INA 212(a)(7)(A)(i)(i) Expedited Removal

INA 212(a)(7)(A)(i)(i) Expedited Removal

When applying for entry to the United States, a foreign national in possession of a valid visa must demonstrate to the CBP officer at the port of entry that they are eligible to enter in the visa classification requested.  For example, a B2 tourist must demonstrate that they will return home after their period  of authorized stay, have sufficient funds to cover their trip without working, and actually be coming for a tourist purpose.  An H1B worker must show that he or she is truly coming to work for their petitioning employer and have not previously violated their immigration status.

To determine if the applicant is eligible for entry, they may search the applicant’s luggage, phone, email, confirm hotel reservations, call the potential employer or do any other investigation deemed necessary.  Upon conclusion, if the CBP officer does not believe the visa holder is eligible for entry under the requested classification then he will cancel the applicant’s visa which renders the applicant inadmissible under INA 212(a)(7)(A) or INA 212(a)(7)(B).  Then CBP may decide that the applicant’s actions warrant removal from the US and will order the applicant removed and barred from entry for 5 years.

Most our of clients who encounter this problem or potential problem do not seek our help until after the removal order is issued.  In some cases, there are methods for getting the removal order rescinded and in others, a waiver may be a possibility.

In 2020, we were contacted by a potential client who was a frequent traveler to the US who used a B1/B2 for entry.  She always entered for a business purpose which was to visit certain business contacts related to her foreign business enterprise.  She never worked or conducted business in the United States.  Unfortunately, during her latest attempted entry, CBP searched her phone and based on some files located therein, believed that her actions constituted unauthorized employment.  CBP cancelled her visa, removed her from the country and instructed her to obtain a work visa for future entries to the US.  When she described her previous actions in the US, we believed that it did not constitute employment nor was a work visa required.  We helped her gather evidence to prove her innocence of CBP’s accusations and we were able to get the removal order rescinded so she could continue her business trips as done before.

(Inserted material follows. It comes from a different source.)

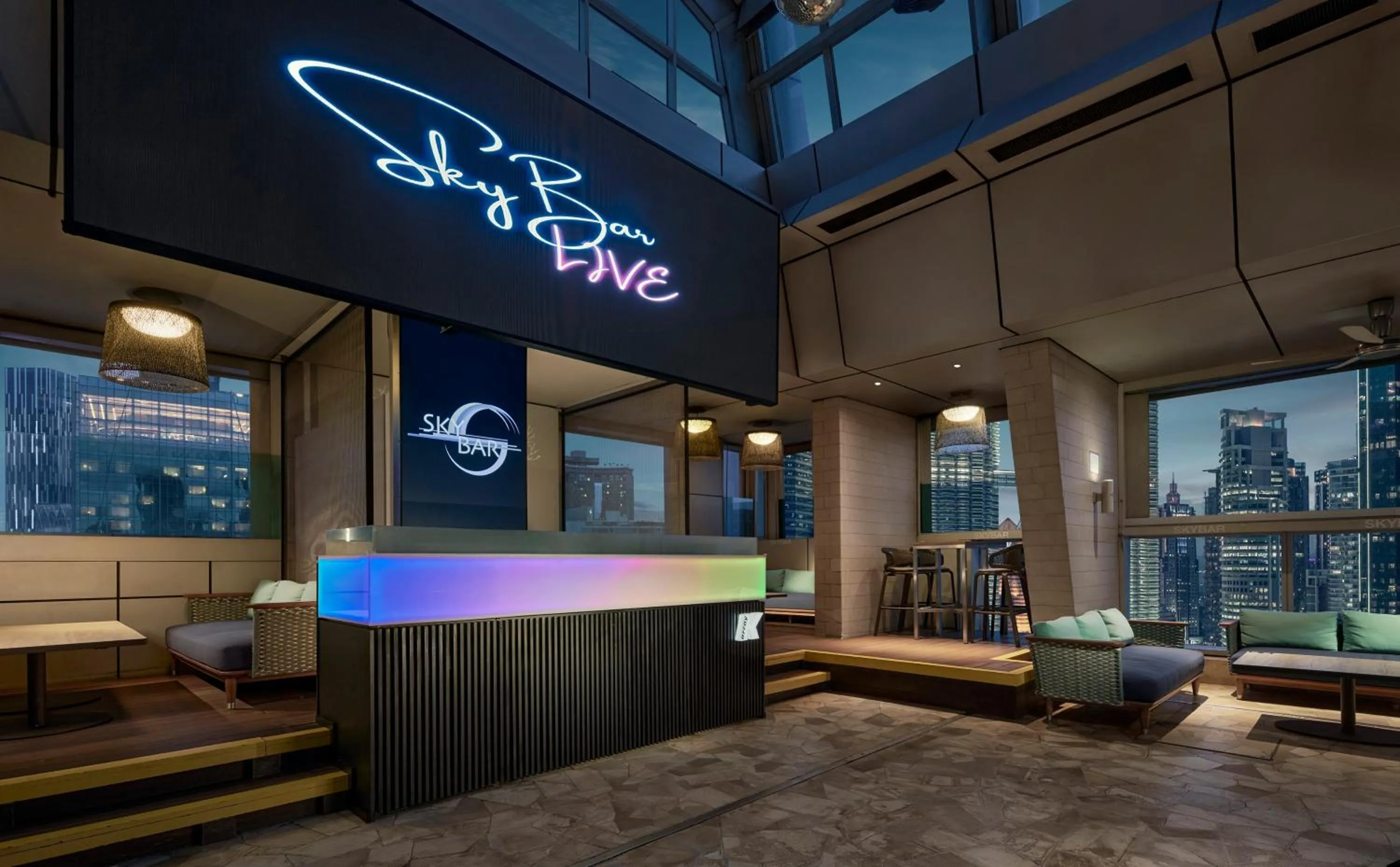 Lounge or bar in Traders Hotel, Kuala Lumpur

In 2021, we were contacted by potential client who applied for entry as an H4 visa holder.  She had plenty of evidence that her husband was abiding by the terms of his H1B visa and that they had a genuine marriage.  However, she was previously in the US on a student visa and CBP asked her many questions regarding her previous OPT employment.  CBP discovered that her OPT employer was on a list of fraudulent employers that gave out fake employment letters for a fee.  CBP cancelled her H4 visa, removed her from the country, and barred her for 5 years.  When she described her work with her previous OPT employer, we felt that we could demonstrate that she was the victim of OPT fraud, not the perpetrator.  We helped her gather evidence to prove her innocence of CBP’s accusations and we were able to get the removal order rescinded so she could reunite with her husband in the US with an H4 visa.

If you have a similar case or would like to avoid this potential problem, contact our office through our website or give us a call at 305 515 0613. We look forward to helping you win your case like we have for thousands of other clients.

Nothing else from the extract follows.